Properties across Townsville's median-priced suburbs are now averaging 35–42 days on market, compared with 18–25 days at the same point last year. In sought-after pockets like Idalia and Bohle Plains, where demand from both owner-occupiers and investors typically runs hot, the slowdown is more pronounced: premium family homes in those growth corridors are taking 40–50 days to shift, despite strong underlying fundamentals.
"What we're seeing isn't a crash—it's a recalibration," says one leading local agent familiar with the data. "Vendors who've priced realistically from day one are moving stock. Those who've held out for stretch figures are now offering 3–5 per cent discounts, sometimes more."
Suburbs like Douglas and Annandale—established neighbourhoods with good proximity to James Cook University, schools, and parks—are experiencing the sharpest adjustment. A three-bedroom home that might have cleared $420k in early 2025 is now negotiating toward $395–405k, a shift that would have been unthinkable 18 months ago when investor yield chasing was at fever pitch.
The regional market's 6%+ yield appeal remains intact, but investor interest has cooled slightly as larger capitals stabilize. That's redirected buying pressure toward owner-occupiers, a cohort typically more price-sensitive and prepared to negotiate.
Military-linked suburbs, traditionally insulated from wider market swings due to Defence presence and relocation demand, show less pronounced stretching—typically 28–35 days—suggesting that buyer segment continues to underpin stability.
The Queensland median of $390k provides a useful benchmark: properties priced above or around that threshold in Townsville are experiencing the steepest days-on-market increases. Homes listed between $350–380k, by contrast, are moving relatively briskly.
Agents report that vendor discounting remains selective.
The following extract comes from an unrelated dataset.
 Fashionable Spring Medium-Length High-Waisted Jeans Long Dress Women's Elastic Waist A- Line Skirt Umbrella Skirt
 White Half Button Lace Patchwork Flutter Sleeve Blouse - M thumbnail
Those offering genuine concessions—whether price reductions, covering pest inspections, or sweetening settlement terms—are capturing disproportionate buyer attention. Strategic vendors listing now are also learning: realistic pricing from day one, not month two.
As we head toward winter selling season, Townsville's extended days on market may yet prove temporary. But the message is clear: the era of passive vendor advantage has ended.
This article was compiled by AI from the sources linked above and screened before publishing. See our editorial standards.